= Berkeley Poetry Conference =

The Berkeley Poetry Conference was an event in which individuals presented their views and poems in seminars, lectures, individual readings, and group readings at California Hall on the campus of the University of California, Berkeley during July 12–24, 1965.

The conference was organized through the University of California Extension Programs. The advisory committee consisted of Thomas Parkinson, Professor of English at U.C. Berkeley, Donald M. Allen, West Coast Editor of Grove Press, Robert Duncan, Poet, and Richard Baker, Program Coordinator.

==Roster==
The roster of scheduled poets consisted of:
Robin Blaser, Robert Creeley, Richard Duerden, Robert Duncan, Allen Ginsberg, Leroi Jones (Amiri Baraka), Joanne Kyger, Ron Loewinsohn, Charles Olson, Gary Snyder, Jack Spicer, George Stanley, Lew Welch, and John Wieners. Leroi Jones (Amiri Baraka) did not participate; Ed Dorn was pressed into service.

==Seminars==
- July 12 – July 16, Gary Snyder
- July 12 – July 16, Robert Duncan
- July 19 – July 23, LeRoi Jones (scheduled)
- July 19 – July 23, Charles Olson

==Poets==
- July 12, New Poets
- July 13, Gary Snyder
- July 14, John Wieners
- July 15, Jack Spicer
- July 16, Robert Duncan
- July 17, Robin Blaser, George Stanley and Richard Duerden
- July 19, New Poets
- July 20, Robert Creeley
- July 21, Allen Ginsberg
- July 22, LeRoi Jones
- July 23, Charles Olson
- July 24, Ron Loewinsohn, Joanne Kyger and Lew Welch

==Lectures==
- July 13, Robert Duncan, Psyche-Myth and the Moment of Truth
- July 14, Jack Spicer, Poetry and Politics
- July 16, Gary Snyder, Poetry and the Primitive
- July 20, Charles Olson, Causal Mythology
- July 21, Ed Dorn, The Poet, the People, the Spirit
- July 22, Allen Ginsberg, What's Happening on Earth
- July 23, Robert Creeley, Sense of Measure

==Readings==
- July 13, Gary Snyder, introduced by Thomas Parkinson.
- July 14, John Wieners, introduced by Robert Creeley.
- July 15, Jack Spicer, introduced by Thomas Parkinson.
- July 16, Robert Duncan, introduced by Thomas Parkinson.
- July 17, Robin Blaser, George Stanley, Richard Duerden, introduced by Robert Duncan.
- July 18, Young Poets: Jim Boyack, Robin Eichele, Victor Coleman, Bob Hogg, Stephen Rodefer, David Franks, introduced by Victor Coleman.
- July 19, Special Poetry Reading: John Sinclair, Lenore Kandel, Ted Berrigan, Ed Sanders, introduced by Allen Ginsberg.
- July 20, Ed Dorn, introduced by Robert Creeley.
- July 21, Allen Ginsberg, introduced by Thomas Parkinson.
- July 22, Robert Creeley, introduced by Robert Duncan.
- July 23, Charles Olson, introduced by Robert Duncan.
- July 24, Ron Loewinsohn, Joanne Kyger, Lew Welch, introduced by Robert Duncan.
- July 25, Young Poets from the Bay Area: Gene Fowler, Jim Wehlage, Eileen Adams, Doug Palmer, Sam Thomas, Gail Dusenbery, Drum Hadley, Lowell Levant, Jim Thurber, introduced by Gary Snyder.

There was a reading by David Bromige, David Schaff, James Koller and Ken Irby, but the tape has been lost.

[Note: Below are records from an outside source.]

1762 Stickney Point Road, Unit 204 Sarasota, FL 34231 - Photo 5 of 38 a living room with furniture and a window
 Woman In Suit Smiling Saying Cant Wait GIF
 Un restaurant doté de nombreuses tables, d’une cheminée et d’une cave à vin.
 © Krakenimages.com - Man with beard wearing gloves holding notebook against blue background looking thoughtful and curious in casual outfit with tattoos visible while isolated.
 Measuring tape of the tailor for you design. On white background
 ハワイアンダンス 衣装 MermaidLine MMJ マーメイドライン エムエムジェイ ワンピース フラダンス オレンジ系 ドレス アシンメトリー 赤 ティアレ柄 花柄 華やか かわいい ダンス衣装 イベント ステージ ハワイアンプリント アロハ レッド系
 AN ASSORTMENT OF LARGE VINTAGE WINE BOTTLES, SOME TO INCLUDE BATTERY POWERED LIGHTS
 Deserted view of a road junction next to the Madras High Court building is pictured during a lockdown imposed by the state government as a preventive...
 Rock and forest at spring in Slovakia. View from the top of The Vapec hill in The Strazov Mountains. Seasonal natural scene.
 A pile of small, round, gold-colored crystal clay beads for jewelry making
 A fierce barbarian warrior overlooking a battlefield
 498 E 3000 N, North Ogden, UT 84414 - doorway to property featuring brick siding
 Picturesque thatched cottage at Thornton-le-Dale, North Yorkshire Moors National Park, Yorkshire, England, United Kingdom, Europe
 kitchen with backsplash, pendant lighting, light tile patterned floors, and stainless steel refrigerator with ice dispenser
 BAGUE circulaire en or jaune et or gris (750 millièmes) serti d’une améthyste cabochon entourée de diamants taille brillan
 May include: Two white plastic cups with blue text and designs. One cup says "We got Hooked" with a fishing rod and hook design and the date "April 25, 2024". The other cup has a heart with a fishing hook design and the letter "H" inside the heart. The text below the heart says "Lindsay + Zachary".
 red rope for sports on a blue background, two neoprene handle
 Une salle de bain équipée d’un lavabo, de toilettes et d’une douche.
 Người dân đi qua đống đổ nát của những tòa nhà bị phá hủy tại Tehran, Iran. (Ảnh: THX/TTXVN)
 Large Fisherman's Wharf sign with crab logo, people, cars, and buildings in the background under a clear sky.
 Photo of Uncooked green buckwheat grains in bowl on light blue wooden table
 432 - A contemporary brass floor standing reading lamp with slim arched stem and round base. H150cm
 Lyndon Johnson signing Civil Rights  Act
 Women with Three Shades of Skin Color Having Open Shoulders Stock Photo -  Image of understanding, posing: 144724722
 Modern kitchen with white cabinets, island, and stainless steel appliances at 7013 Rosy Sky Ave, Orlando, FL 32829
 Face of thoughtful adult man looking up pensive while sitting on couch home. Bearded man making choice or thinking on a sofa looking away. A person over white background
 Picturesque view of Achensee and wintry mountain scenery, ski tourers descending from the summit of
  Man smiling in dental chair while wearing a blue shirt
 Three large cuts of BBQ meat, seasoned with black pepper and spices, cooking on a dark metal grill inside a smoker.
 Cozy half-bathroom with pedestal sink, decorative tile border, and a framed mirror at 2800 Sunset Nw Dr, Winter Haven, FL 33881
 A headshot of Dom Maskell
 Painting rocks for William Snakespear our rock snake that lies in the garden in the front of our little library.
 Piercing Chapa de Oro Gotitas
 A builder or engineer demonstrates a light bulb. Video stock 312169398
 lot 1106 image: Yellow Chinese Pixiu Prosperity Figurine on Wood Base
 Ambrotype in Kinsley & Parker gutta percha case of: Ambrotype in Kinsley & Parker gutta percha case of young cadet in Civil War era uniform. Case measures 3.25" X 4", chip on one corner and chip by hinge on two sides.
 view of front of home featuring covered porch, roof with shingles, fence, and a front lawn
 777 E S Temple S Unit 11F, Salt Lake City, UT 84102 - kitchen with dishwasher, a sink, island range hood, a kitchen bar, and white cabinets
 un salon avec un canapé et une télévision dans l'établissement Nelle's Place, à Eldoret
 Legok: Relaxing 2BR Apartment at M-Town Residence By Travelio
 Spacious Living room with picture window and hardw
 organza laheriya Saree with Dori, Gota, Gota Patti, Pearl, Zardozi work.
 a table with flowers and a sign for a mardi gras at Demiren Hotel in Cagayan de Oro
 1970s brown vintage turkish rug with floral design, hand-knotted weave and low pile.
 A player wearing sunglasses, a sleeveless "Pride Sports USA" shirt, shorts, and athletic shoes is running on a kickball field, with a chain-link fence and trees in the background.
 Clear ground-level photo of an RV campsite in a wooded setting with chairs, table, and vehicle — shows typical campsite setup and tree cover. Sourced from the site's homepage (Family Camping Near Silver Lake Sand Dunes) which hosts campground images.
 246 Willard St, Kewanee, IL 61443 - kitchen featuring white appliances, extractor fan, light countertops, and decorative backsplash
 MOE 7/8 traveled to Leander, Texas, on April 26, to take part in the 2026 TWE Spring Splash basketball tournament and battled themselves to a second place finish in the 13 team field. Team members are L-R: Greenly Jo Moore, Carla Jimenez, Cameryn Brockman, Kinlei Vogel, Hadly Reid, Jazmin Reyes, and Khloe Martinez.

Among the younger poets who attended the conference but did not perform were Maria Damon, Ron Silliman, Anne Waldman, and Lewis Warsh. Louis Simpson cited the conference when he resigned his position at Berkeley.

During this event, Charles Olson was designated President of Poets, and Allen Ginsberg, Secretary of State of Poetry. Robert Creeley remarked, "There will never be another poetry conference in Berkeley; Berkeley is too bizarre."